Junk Mail Still Effective, Study Shows
Junk mail seems to still bring benefits to business and will not vanish any time soon as a new study by the University of Sydney that measured the effectiveness of direct marketing campaigns for larger discount stores points out.
Yes, there are many flyers, catalogues and who knows what other materials in your letterbox – along with bills. Yes, many people throw away those catalogues, but even if it is not an environmentally friendly advertising tool, the simple direct mail campaign is still paying off.
Charles Areni from Sydney University’s marketing department, the professor who studied the effectiveness of junk mail, says that there are visible results to such campaigns: “”In one case a sandwich toaster sales increased tenfold when that product was featured at a discounted price in the mail catalogue compared to when it was not featured, and of course we varied both the timing of the catalogues and which stores featured that product and we found a reliable increase and it was a huge one.” By comparison, in-store radio advertising had little or no effect on sales.
Professor Areni thinks that junk mail is most probably effective for any type of retailers. The reason why the method still works is, in his opinion, through it, people just happen to find a catalogue in their letterbox with a product they already intend to buy. “It is annoying because probably 95 per cent of what we get in our mailbox is entirely irrelevant, it is junk, but that 5 per cent that is relevant to what we’re planning to buy or where we’re planning to shop, it provides sales, and that’s why retailers are going to continue doing it,” he added.

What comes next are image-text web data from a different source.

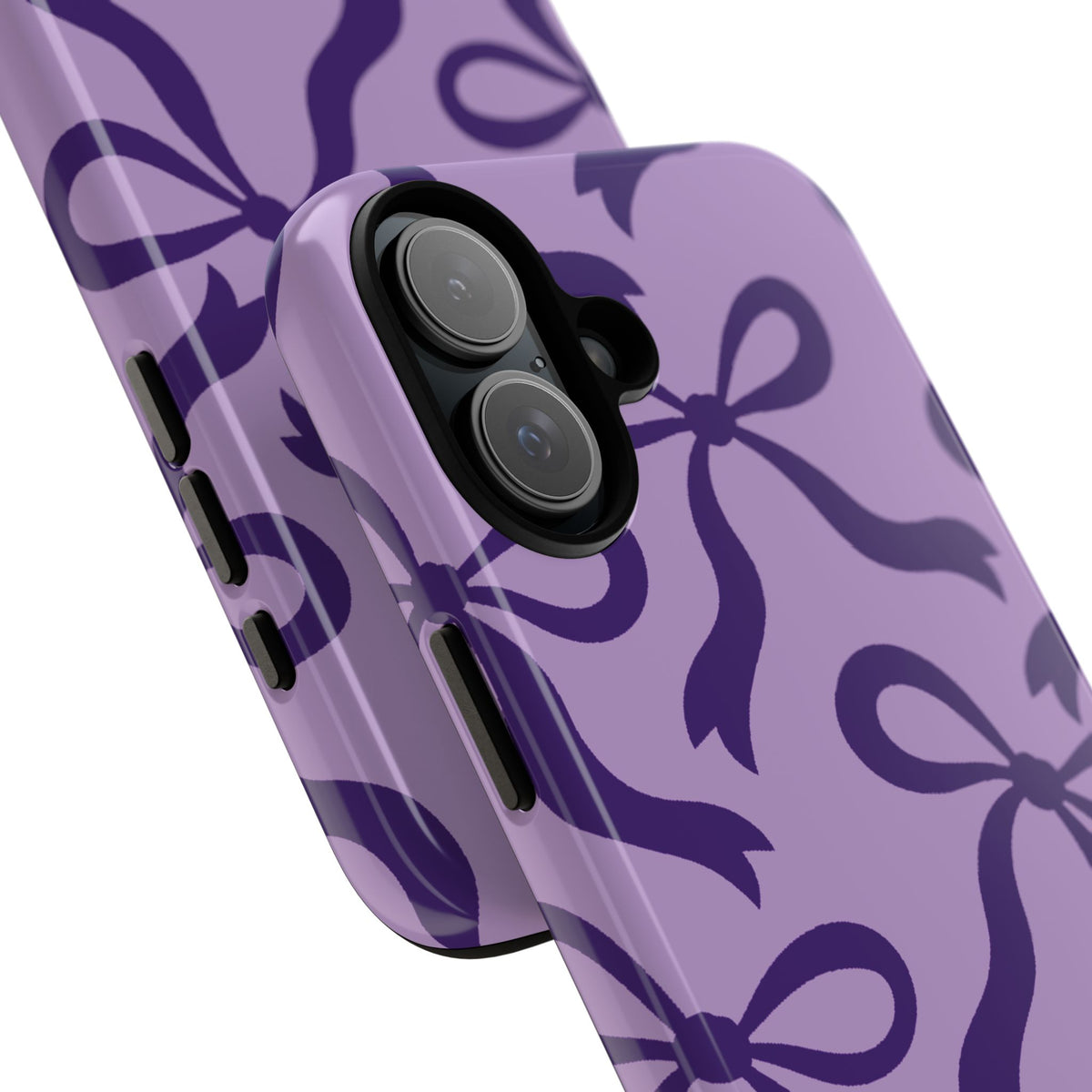 Bold Lilac and Deep Purple Bow Pattern Phone Case - Purple Phone Case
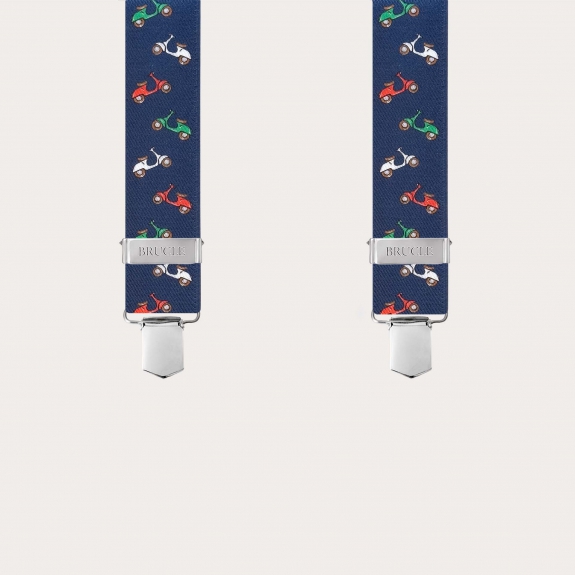Blue Y-shape suspenders with scooter pattern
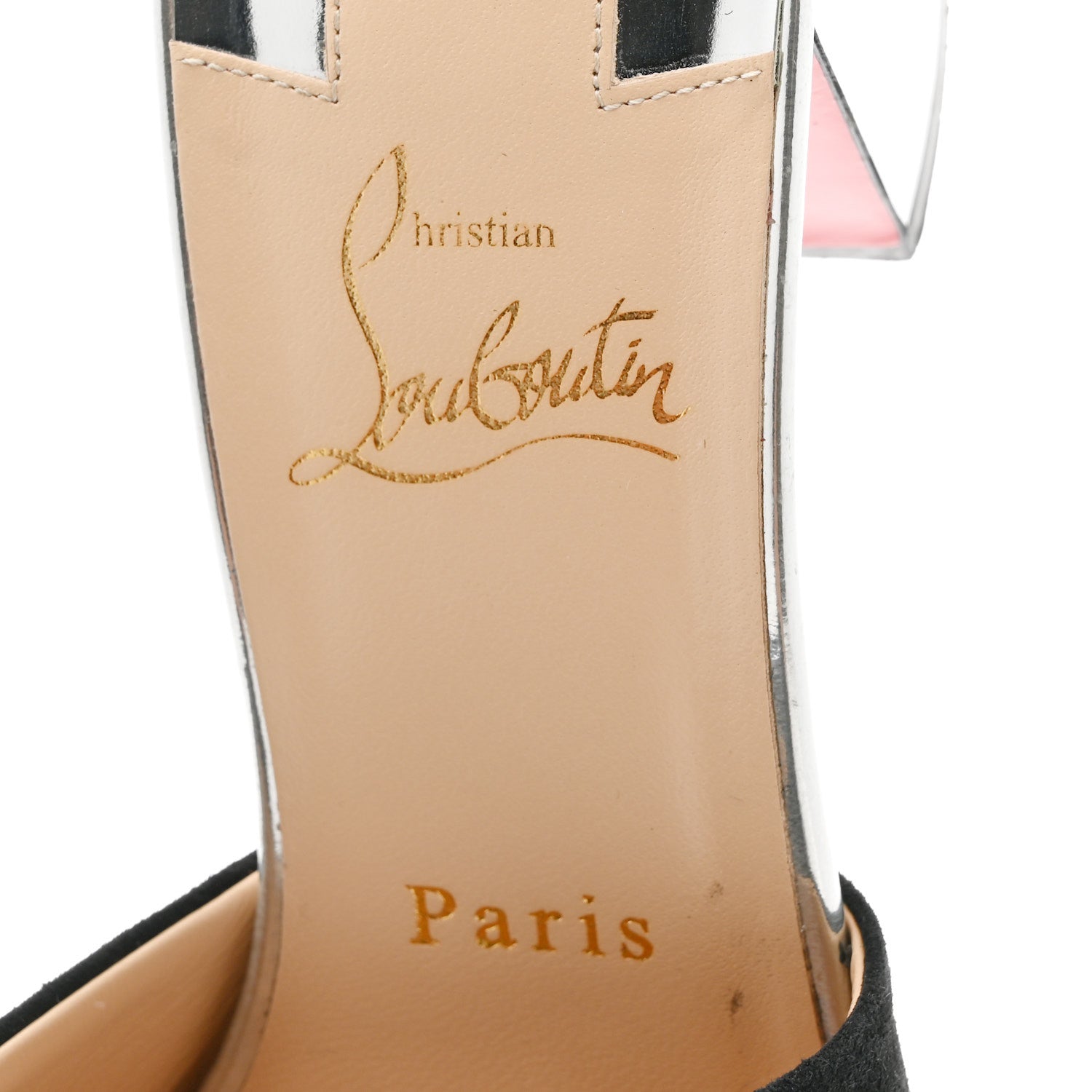 Christian Louboutin Veau Velours Specchio Dear Home 55 Slide Sandals 38 Black Crystal 8 of 11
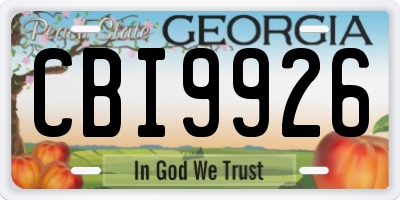GA license plate CBI9926
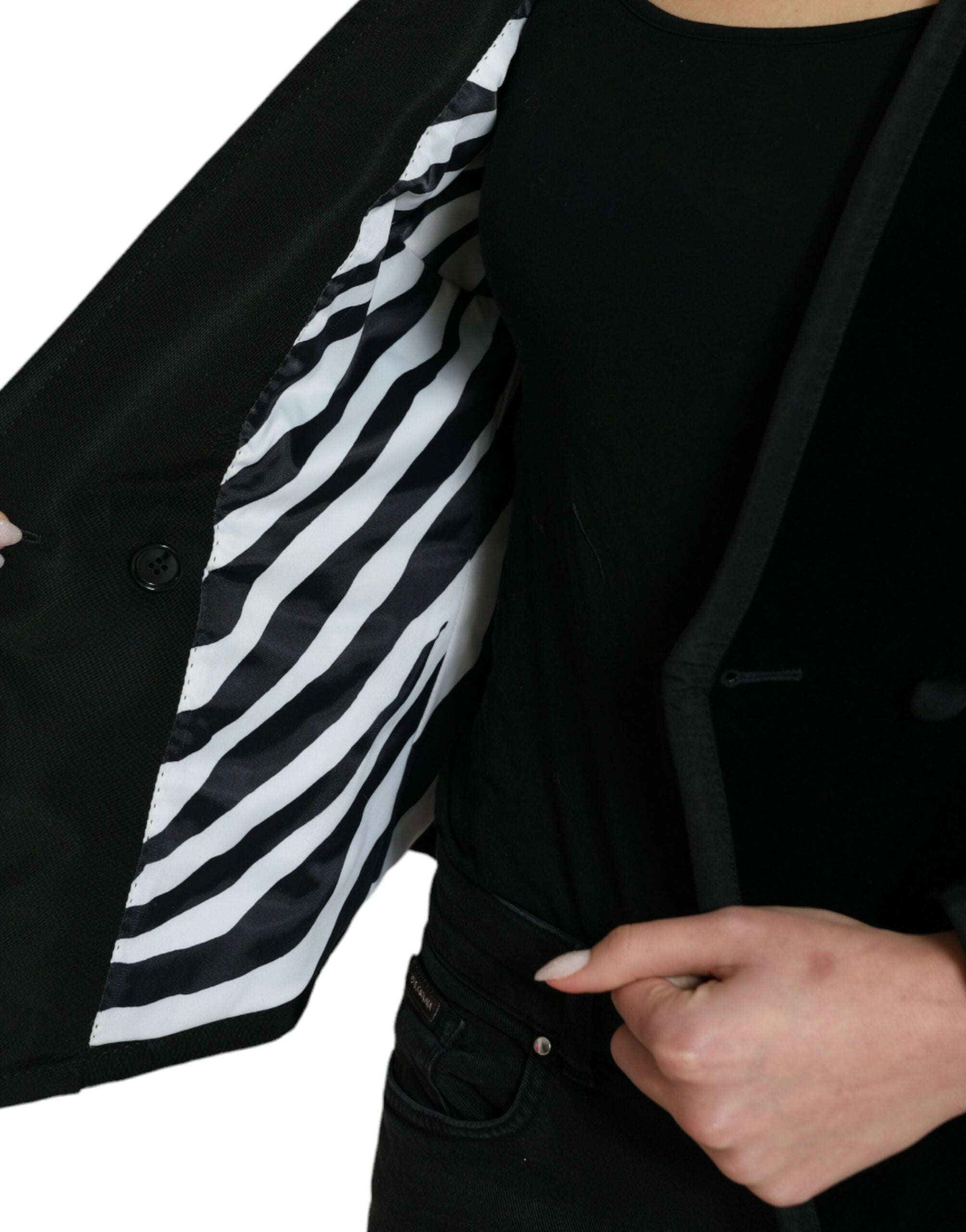 Dolce & Gabbana Black Velvet Cotton Double Breasted Women's Jacket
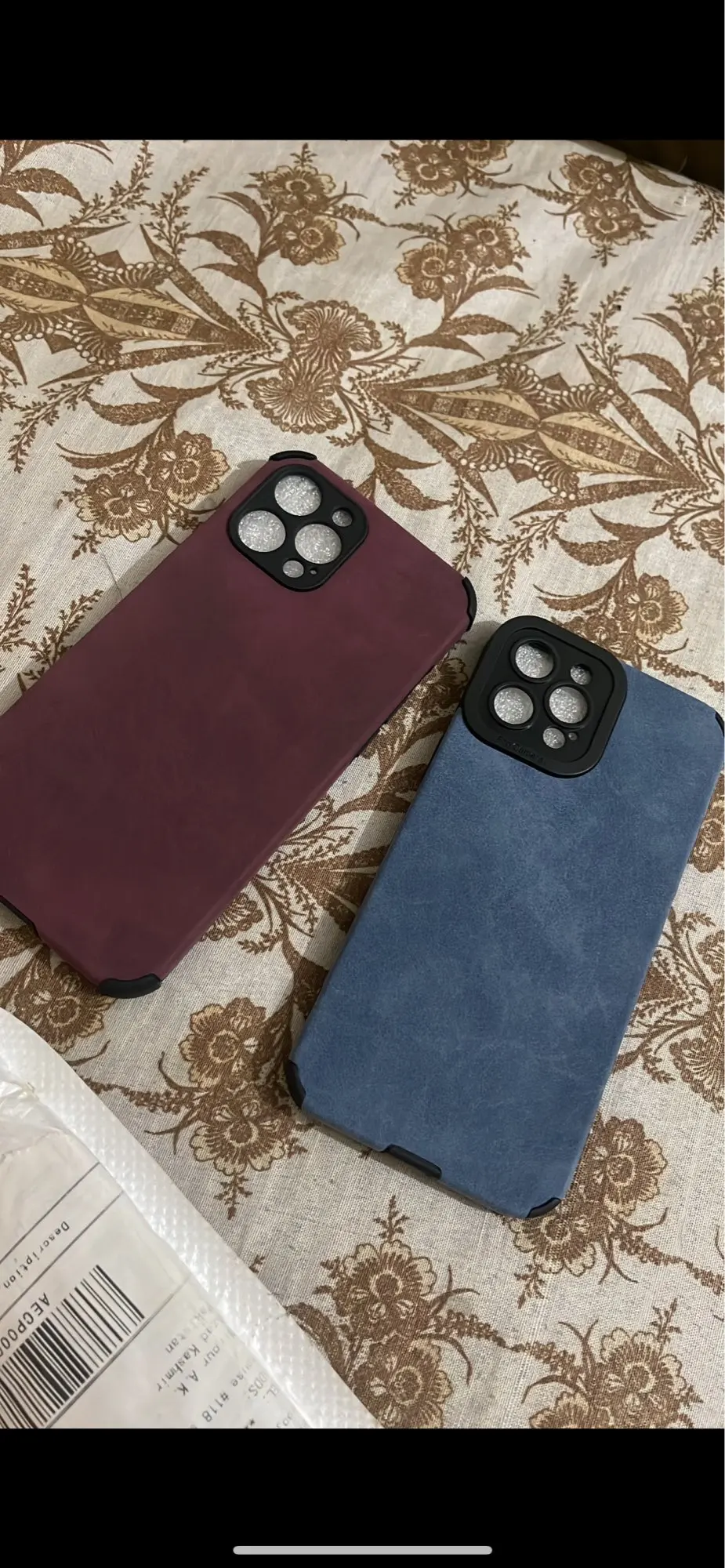 Camera Protection Premium Leather Fabric Case For Apple iPhone Series photo review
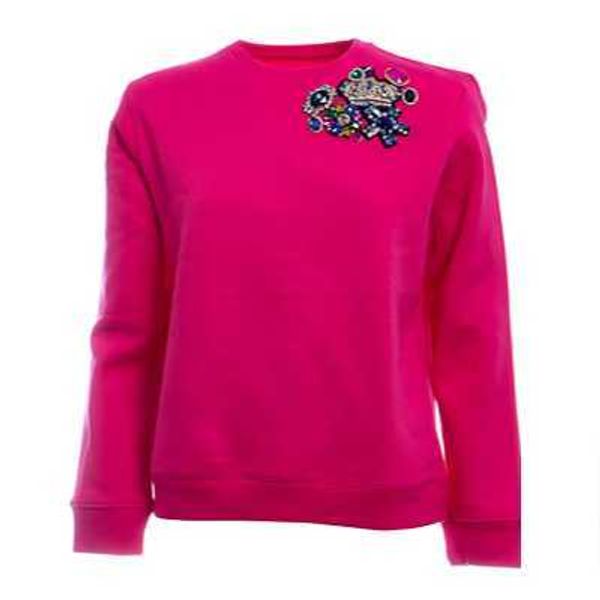 Suéteres femininos de algodão rosa com design de melhor fornecedor italiano com aplicações exclusivas para mulheres da moda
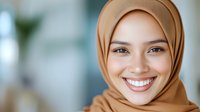 Young Muslim woman in beige hijab smiling warmly at camera in modern office setting. Professional headshot for business, healthcare, education content.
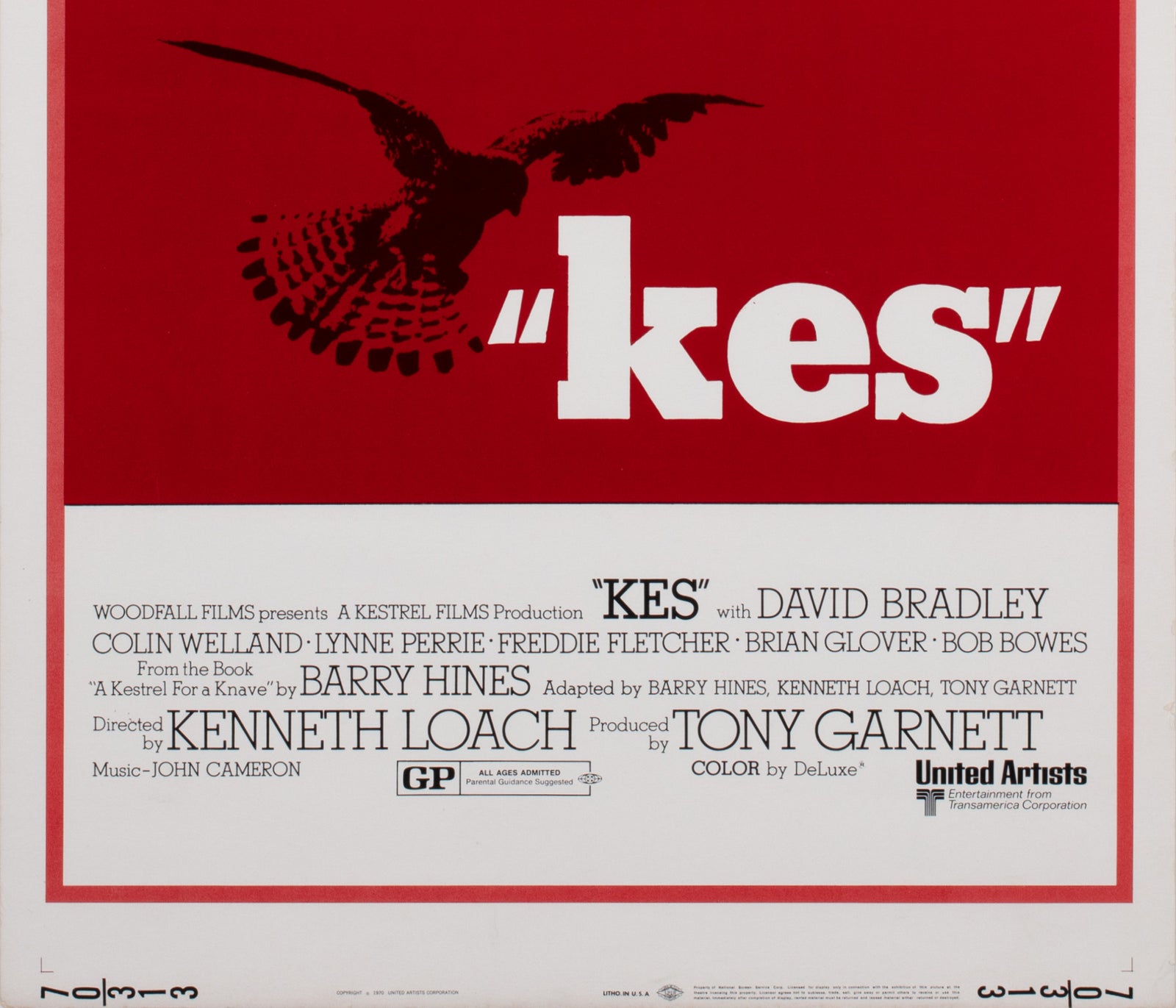 Kes 1971 US Insert Film Movie Poster - detail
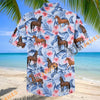 Unijames Floral Thoroughbred Horse Lover Hawaiian Shirt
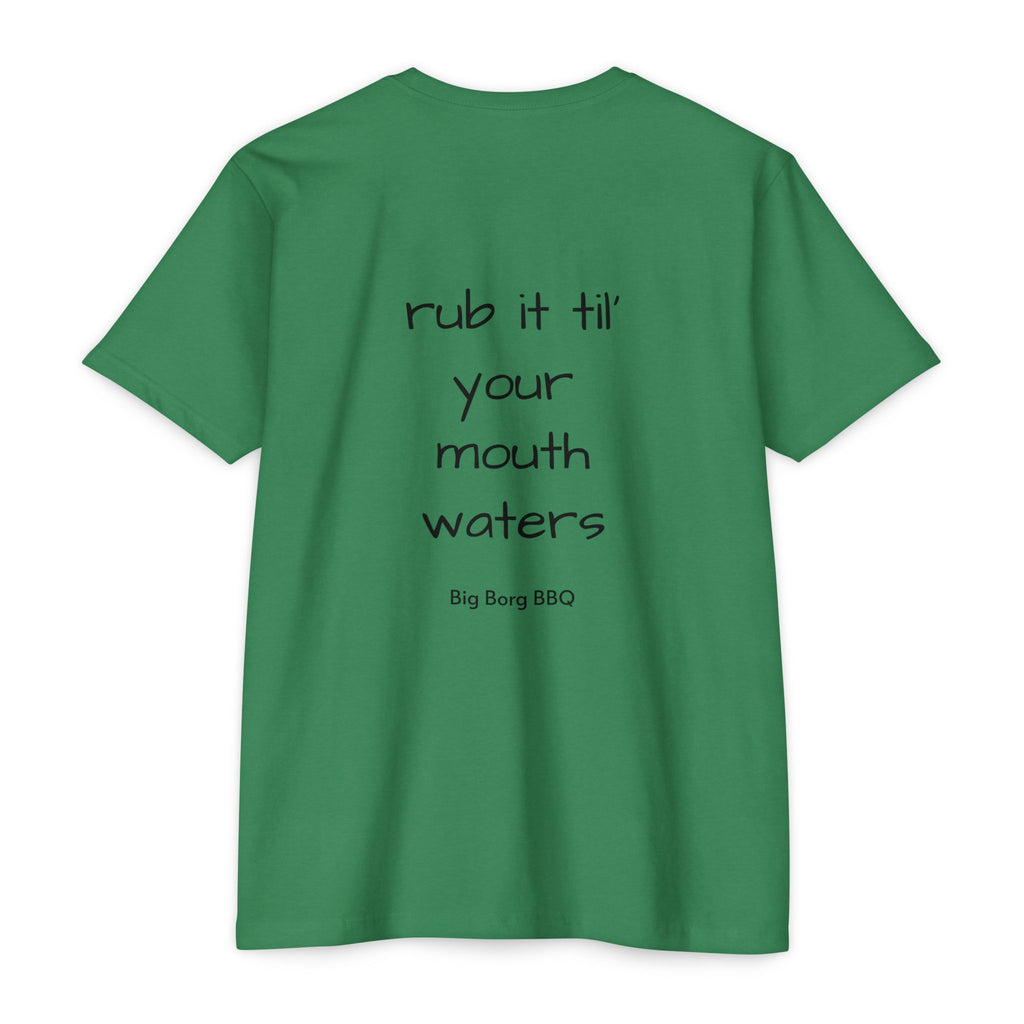 BBQ T-Shirt — "Rub It Til' Your Mouth Waters" Big Borg BBQ Grill Tee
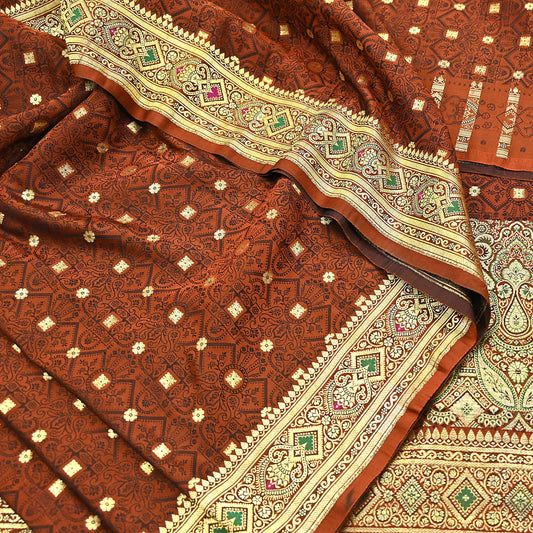 Vintage Rusty Orange Banarasi Silk Saree Pure Satin Silk Handwoven Tanchoi Fabric with Paisley Weave 5 Yard Dressmaking Craft Material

The professor also said “Consumers are creatures of habit… it may simply take time for consumers to learn to listen for good deals while they shop. Junk mail is a very common form of advertising for this type of store, and as they arrive regularly at the beginning of the month, it could be that consumers may simply be used to looking for them.”
I too must admit I look over the catalogues I receive. Some have a special scent, one that remind me of childhood and fashion and clothing catalogues from foreign countries, while some simply prove to be useful: find out about promotions from hypermarkets and so on. Also, given how there’s always something to do or that could be changed in the house, I look over such types of catalogues (yes, I am building a house now so I’m really interested in the offers available in the market).
I know people that don’t read catalogues received in their letterbox, but I know far more people that do just that. Perhaps similar studies should be conducted in other countries as well, in order to observe if there is a worldwide effectiveness of the direct mail campaigns, or if Australia is a special case.